EXERCISE INPUT:
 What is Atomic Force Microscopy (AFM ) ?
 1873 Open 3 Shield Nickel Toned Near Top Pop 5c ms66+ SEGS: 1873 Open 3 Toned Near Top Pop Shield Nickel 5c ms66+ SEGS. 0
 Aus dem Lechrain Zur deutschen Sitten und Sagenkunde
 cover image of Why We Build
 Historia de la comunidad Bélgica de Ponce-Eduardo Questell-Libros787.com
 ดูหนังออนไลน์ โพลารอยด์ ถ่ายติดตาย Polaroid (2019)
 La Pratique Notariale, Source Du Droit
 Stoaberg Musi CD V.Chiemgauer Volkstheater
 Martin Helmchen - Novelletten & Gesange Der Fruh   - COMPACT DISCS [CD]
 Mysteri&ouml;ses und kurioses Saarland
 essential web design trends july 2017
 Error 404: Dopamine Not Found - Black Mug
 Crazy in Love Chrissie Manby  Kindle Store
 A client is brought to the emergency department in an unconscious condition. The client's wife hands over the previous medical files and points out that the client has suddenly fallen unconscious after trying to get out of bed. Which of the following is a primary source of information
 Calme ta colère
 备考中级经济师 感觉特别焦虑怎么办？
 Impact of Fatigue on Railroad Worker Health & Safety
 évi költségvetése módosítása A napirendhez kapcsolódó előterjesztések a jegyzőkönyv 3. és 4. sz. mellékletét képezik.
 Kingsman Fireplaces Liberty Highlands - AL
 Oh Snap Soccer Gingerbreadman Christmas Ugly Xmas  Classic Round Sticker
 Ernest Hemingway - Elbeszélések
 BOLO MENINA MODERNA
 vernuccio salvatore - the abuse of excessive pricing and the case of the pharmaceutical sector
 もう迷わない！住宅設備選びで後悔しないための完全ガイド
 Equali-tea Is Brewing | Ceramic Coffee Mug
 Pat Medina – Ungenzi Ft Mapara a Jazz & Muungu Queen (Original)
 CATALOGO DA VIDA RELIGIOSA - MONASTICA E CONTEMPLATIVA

ACTION ITEM: Please repeat the listing above in full and exactly.

ANSWER TO THE EXERCISE:
 What is Atomic Force Microscopy (AFM ) ?
 1873 Open 3 Shield Nickel Toned Near Top Pop 5c ms66+ SEGS: 1873 Open 3 Toned Near Top Pop Shield Nickel 5c ms66+ SEGS. 0
 Aus dem Lechrain Zur deutschen Sitten und Sagenkunde
 cover image of Why We Build
 Historia de la comunidad Bélgica de Ponce-Eduardo Questell-Libros787.com
 ดูหนังออนไลน์ โพลารอยด์ ถ่ายติดตาย Polaroid (2019)
 La Pratique Notariale, Source Du Droit
 Stoaberg Musi CD V.Chiemgauer Volkstheater
 Martin Helmchen - Novelletten & Gesange Der Fruh   - COMPACT DISCS [CD]
 Mysteri&ouml;ses und kurioses Saarland
 essential web design trends july 2017
 Error 404: Dopamine Not Found - Black Mug
 Crazy in Love Chrissie Manby  Kindle Store
 A client is brought to the emergency department in an unconscious condition. The client's wife hands over the previous medical files and points out that the client has suddenly fallen unconscious after trying to get out of bed. Which of the following is a primary source of information
 Calme ta colère
 备考中级经济师 感觉特别焦虑怎么办？
 Impact of Fatigue on Railroad Worker Health & Safety
 évi költségvetése módosítása A napirendhez kapcsolódó előterjesztések a jegyzőkönyv 3. és 4. sz. mellékletét képezik.
 Kingsman Fireplaces Liberty Highlands - AL
 Oh Snap Soccer Gingerbreadman Christmas Ugly Xmas  Classic Round Sticker
 Ernest Hemingway - Elbeszélések
 BOLO MENINA MODERNA
 vernuccio salvatore - the abuse of excessive pricing and the case of the pharmaceutical sector
 もう迷わない！住宅設備選びで後悔しないための完全ガイド
 Equali-tea Is Brewing | Ceramic Coffee Mug
 Pat Medina – Ungenzi Ft Mapara a Jazz & Muungu Queen (Original)
 CATALOGO DA VIDA RELIGIOSA - MONASTICA E CONTEMPLATIVA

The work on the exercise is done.